DLGP

Doctor of Leadership in Global Perspectives: Crafting Ministry in an Interconnected World

One Size Fits All?

Written by: on October 31, 2013

Thomas Friedman’s The World is Flat was a defining look at the dynamic of globalization that enabled the reader to embrace the largest global dynamics and understand how they worked together.  In Failure of Nerve: Leadership in the Age of the Quick Fix, Edwin Friedman accomplishes much the same feat inregard to leadership as he puts forth a different and challenging way of understanding and exerting leadership.  Ed questions the “assumption that human beings function solely according to their nature, gender, or background. Rather, he believed they function according to the position they occupy within the emotional processes of their relationship system, whether family, church, or business.

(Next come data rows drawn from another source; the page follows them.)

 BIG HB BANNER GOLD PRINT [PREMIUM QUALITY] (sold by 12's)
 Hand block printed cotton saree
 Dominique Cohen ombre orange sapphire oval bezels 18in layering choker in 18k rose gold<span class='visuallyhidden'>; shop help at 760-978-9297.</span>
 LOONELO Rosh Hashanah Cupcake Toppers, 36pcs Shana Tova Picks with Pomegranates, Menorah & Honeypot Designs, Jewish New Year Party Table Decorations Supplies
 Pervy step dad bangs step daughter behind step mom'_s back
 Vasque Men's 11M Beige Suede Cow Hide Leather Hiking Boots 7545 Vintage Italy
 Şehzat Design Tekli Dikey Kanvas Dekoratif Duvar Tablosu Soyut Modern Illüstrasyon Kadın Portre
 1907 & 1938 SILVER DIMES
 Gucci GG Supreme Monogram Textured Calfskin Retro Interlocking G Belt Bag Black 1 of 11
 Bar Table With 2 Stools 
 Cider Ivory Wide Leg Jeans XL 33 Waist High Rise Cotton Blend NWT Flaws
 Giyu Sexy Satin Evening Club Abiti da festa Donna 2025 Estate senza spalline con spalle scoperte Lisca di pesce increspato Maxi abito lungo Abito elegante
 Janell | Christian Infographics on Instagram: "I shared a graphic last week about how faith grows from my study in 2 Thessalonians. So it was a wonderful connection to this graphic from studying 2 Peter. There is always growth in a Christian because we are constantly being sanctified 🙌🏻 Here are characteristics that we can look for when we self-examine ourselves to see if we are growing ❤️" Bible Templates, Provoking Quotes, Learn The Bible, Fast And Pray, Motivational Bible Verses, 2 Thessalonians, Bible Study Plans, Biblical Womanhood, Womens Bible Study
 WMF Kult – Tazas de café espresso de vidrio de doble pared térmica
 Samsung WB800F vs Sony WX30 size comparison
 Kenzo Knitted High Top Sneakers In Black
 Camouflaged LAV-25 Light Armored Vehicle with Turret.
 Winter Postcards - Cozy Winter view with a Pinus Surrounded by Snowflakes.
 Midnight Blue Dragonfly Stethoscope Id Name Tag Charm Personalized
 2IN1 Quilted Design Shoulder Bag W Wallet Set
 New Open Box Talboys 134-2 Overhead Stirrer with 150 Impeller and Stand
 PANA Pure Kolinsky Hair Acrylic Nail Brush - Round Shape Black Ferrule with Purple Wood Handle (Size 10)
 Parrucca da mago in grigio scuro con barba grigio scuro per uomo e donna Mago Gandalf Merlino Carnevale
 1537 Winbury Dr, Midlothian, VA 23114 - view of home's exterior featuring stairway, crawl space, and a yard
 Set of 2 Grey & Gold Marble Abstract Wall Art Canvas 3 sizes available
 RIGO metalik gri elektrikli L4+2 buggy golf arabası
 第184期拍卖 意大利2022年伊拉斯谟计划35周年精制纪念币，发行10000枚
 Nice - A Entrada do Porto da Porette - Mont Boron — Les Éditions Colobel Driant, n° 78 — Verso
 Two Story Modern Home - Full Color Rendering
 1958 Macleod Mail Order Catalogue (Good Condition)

Ed asserted that from the perspective of the emotional process view of reality, the way most leadership programs understand the human phenomenon is tantamount to still assuming that the world is flat” (Kindle Location 72-75).
I found this book to be very challenging because the author downplays much of the more common perspectives regarding the development, exercise, and evaluation of leadership.  Though challenging it was also refreshing because Friedman put a good deal of emphasis on the importance personal development, which he calls “self-differientation”, and relationships.  His thesis is “that leadership in America is stuck in the rut of trying harder and harder without obtaining significantly new results” (Kindle location 139).  When I read his thesis I wanted to agree but did not have an objective reason for doing so.  By the end of the book I found myself agreeing and being able to articulate some reason to do so!
I especially liked his strong emphasis on the leader’s self development.  He calls upon leaders to “focus first on their own integrity and on the nature of their own presence rather than through techniques for manipulating or motivating others” (Kindle location 313).  I resonated with his focus and found it consistent with the focus of the ministry of Jesus Christ as reflected in the four gospels.  His attention to his relationship with his Father and his exacting holiness was the foundation upon which he lead.  The kind of leader, according to the author, that is needed is one he calls the “self differentiated leader.”  He defines this person as being one “who has clarity about his or her own life goals, and, therefore, someone who is less likely to become lost in the anxious emotional processes swirling about. I mean someone who can be separate while still remaining connected, and therefore can maintain a modifying, non-anxious, and sometimes challenging presence. I mean someone who can manage his or her own reactivity to the automatic reactivity of others, and therefore be able to take stands at the risk of displeasing” (Kindle location 341).
The one topic of the book I found most interesting was the one on relationships.  He posits that there is no such thing as a two person relationship (Kindle location 3736) and that relationships are always defined by at least one other person, issue, or event that functions as a third relationship that forms an emotional triangle.  The third relationship serves as a ‘punching bag’ or ‘garbage dump’ or whatever seems to right given the emotional dynamics of the moment.  I thought about this in relationship to the ministry of discipleship.  It is my experience that one on one discipleship is not the optimum formula.  It is acceptable and even appropriate at times, but most often, an additional person or two serves a positive role.  When there are only two an outside person or issue may become the emotional engine for conversation and action.  That outside person does not have opportunity to provide input and respond in ways that may promote further growth.  When the third person is present, there is opportunity for issues to be discussed with that person’s feedback and the opportunity for ‘pushback’ which most often is opportunity for growth.
A third person, the author suggests, provides an ‘objectifying dynamic” which makes it easier to see problems concretely (Kindle location 3749).  I totally concur.  Often I have experienced how a third voice promotes clarity by forcing the issue within the triangle, rather than a non-present third person becoming the emotional force and even the brunt of the conversation, taking the focus off a present person and his/her problem.  I was also intrigued by how the author described the emotional triangle dynamic in the context of families and children.  The triangles that develop between mother and son for instance, and those that develop in a childhood based on a child’s birth order.
The author writes, “Once formed, emotional triangles (1) are self-organizing; (2) are perpetuated by distance; and (3) tend to be perverse” (Kindle location 3880).  I related his thoughts to Jesus and his ‘inner circle.’  I am amazed to find all three dynamics at work in the relational network between Jesus, James, Peter, and John!  Then I reflected upon my own relationship with two other men with whom I meet with regularly for discipleship purposes.  I found examples of all three dynamics at work at some time!
Have you found the emotional triangle dynamic at work in your marriage?  In your ministry, perhaps with staff?  Are you in a discipleship relationship?  If so, is it with one or more people and how does the emotional triangle dynamic serve as a positive and negative dynamic?
Great book!  Perhaps one of the best on leadership I have ever read!